Firenze

Madonna di Loreto: mons. Gambelli, “siamo chiamati a volare verso la casa di Dio”

Nell'omelia a Santa Croce in occasione della solenne celebrazione per la Madonna di Loreto, patrona dell'Aeronautica Militare e degli aviatori, l'arcivescovo di Firenze ha ricordato questa mattina le vittime e i feriti dell'esplosione avvenuta nell'impianto di Calenzano

Mons. Gherardo Gambelli, arcivescovo di Firenze

“In questa celebrazione desidero rivolgere un pensiero particolare alle famiglie delle vittime dell’esplosione avvenuta ieri nel deposito Eni di Calenzano, esprimere le mie condoglianze per i defunti, la mia vicinanza ai feriti, la mia riconoscenza ai soccorritori. Li ricordiamo tutti nella preghiera affidandoli all’intercessione della Beata Vergine Maria”.

Con un pensiero alla tragedia a Calenzano, mons. Gherardo Gambelli, arcivescovo di Firenze, ha iniziato l’omelia della messa presieduta stamattina nella basilica di Santa Croce per la festa della Madonna di Loreto, patrona dell’Aeronautica militare e degli aviatori.
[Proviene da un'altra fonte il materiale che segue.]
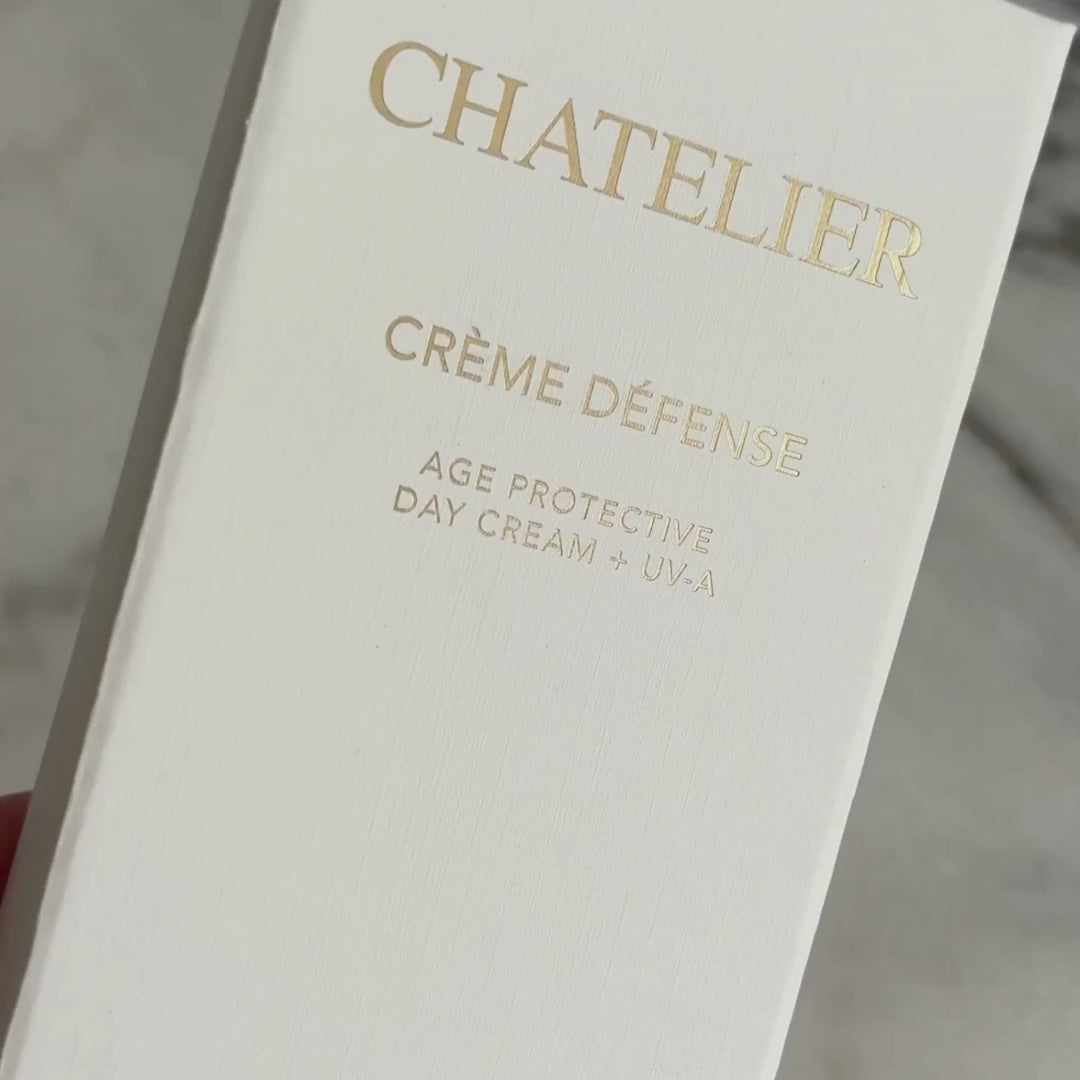 CRÈME DÉFENSE™ Age Protective Day Cream with UV-A protection, anti-aging and brightening skincare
La pubblichiamo integralmente.

Fin dal 1920, voi Aviatori, siete stati affidati a questa potente Patrona. Fu il papa Benedetto XV che, accogliendo il desiderio dei piloti reduci della prima guerra mondiale, proclamò la Madonna di Loreto “Patrona di tutti gli Aeronaviganti”, in ricordo di quel miracoloso “volo” che la tradizione vuole sia stato effettuato dagli angeli che trasportarono la Santa Casa di Nazareth fino alla cittadina marchigiana di Loreto. Da allora ogni anno, in questo 10 dicembre, l’aeronautica militare e l’aviazione civile celebrano la loro patrona.

Una festa che ci invita a confrontarci con l’esperienza di Maria, la donna Vergine e Madre, pensata da Dio fin dall’eternità, segno luminoso di speranza dopo la caduta dei nostri primogenitori nel paradiso terrestre. Come in ogni festa di Maria, è lei che ci guida e ci conduce a Cristo. La prima lettura, tratta dal profeta Isaia ci dice che “Il Signore vi darà un segno: “Ecco la Vergine concepirà e partorirà un figlio che sarà chiamato Emanuele, che significa Dio con noi”. Sarà l’Arcangelo Gabriele, molto tempo dopo, a mostrarci l’esaudimento di quella antica profezia: “Ecco concepirai un figlio, lo darai alla luce e lo chiamerai Gesù”.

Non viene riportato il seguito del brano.